Copy nothing from the entries below except the lines from the one containing "A rich and fluffy" through the one containing "bathroom featuring tile", and copy those exactly.

--- DATA IN THIS EXERCISE Enclosed Below ---

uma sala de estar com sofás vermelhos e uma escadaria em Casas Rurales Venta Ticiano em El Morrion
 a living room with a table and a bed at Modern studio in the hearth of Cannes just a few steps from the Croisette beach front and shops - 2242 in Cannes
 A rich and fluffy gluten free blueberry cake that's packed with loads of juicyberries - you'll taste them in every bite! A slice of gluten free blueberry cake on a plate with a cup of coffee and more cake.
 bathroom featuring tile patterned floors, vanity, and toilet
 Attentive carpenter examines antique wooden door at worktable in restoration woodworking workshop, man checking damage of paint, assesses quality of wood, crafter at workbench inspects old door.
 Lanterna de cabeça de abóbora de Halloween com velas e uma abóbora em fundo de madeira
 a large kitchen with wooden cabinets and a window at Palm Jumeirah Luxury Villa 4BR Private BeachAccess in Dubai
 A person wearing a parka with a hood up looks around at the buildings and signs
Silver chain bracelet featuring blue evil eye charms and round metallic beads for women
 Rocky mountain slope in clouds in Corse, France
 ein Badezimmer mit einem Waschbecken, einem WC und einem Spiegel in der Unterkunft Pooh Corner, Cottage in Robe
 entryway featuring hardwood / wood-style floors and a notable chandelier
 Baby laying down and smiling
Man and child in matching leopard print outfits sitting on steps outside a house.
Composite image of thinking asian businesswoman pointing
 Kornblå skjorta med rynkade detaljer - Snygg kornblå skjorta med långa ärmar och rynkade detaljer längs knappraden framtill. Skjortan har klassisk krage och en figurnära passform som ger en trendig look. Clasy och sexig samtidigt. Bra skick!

--- End of Enclosed DATA IN THIS EXERCISE ---

[TASK ANSWER]:
 A rich and fluffy gluten free blueberry cake that's packed with loads of juicyberries - you'll taste them in every bite! A slice of gluten free blueberry cake on a plate with a cup of coffee and more cake.
 bathroom featuring tile patterned floors, vanity, and toilet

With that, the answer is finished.